Black and white photograph showing a view of a misty lake in the foreground with pavilions on the other side of the lake. A wooded hill rises behind the buildings and the Huazang pagoda.
The Jade Spring (Yuquan), one of the 'Eight Famous Sights of Peking', was an imperial retreat and pleasure ground. Originally a hunting park used by the Jin Emperor Zhang Zong, it was developed by the Manchu-Qing Kangxi Emperor. The spring provided water for the surrounding lakes and paddy fields and fresh spring drinking water, which was believed to have great curative powers. After 1949, Jade Spring Hill was chosen as the site for a convalescent home for high ranking Communist Party officials. Today it is a restricted area occupied by the air force. This photograph was taken by Hedda Morrison on a winter morning. In 'A photographer in Old Peking' (p. 237), she noted the 'mist on the surface of the pool that never freezes'.
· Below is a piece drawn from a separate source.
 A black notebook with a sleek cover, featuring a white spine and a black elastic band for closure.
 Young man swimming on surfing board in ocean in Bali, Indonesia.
This is one of a large number of photographs that were taken by Hedda Morrison (1908-1991) during her years of residence in Peking (Beijing), China 1933-1946.
Exhibited in 'An Asian experience: 1933-67', organised by the Asian Studies Association of Australia, Fisher Library Foyer, University of Sydney, 12-30 May 1986. Reproduced in Hedda Morrison, 'A photographer in Old Peking', Hong Kong, Oxford and New York: Oxford University Press, 1985, p. 237, with the caption: 'Winter morning at the Jade Fountain with mist on the surface of the pool that never freezes, the source of the stream feeding the Peking lakes'.